EXERCISE DESCRIPTION: Restate the data below word for word, and let no image into your version.

EXERCISE DATA:
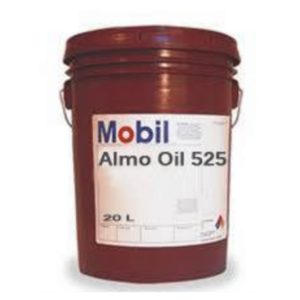 Mobil Almo Oil 525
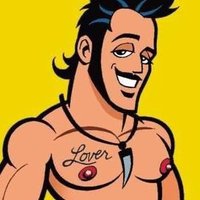 GayUncleMario (@mariodiaz) 's Twitter Profile Photo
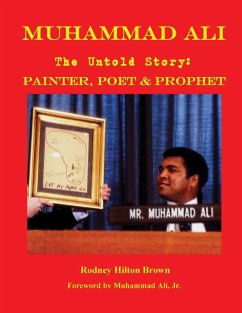 MUHAMMAD ALI - The Untold Story - Brown, Rodney Hilton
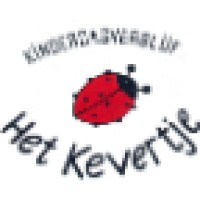 Kinderdagverblijf Het Kevertje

YOUR RESPONSE:
 Mobil Almo Oil 525
 GayUncleMario (@mariodiaz) 's Twitter Profile Photo
 MUHAMMAD ALI - The Untold Story - Brown, Rodney Hilton
 Kinderdagverblijf Het Kevertje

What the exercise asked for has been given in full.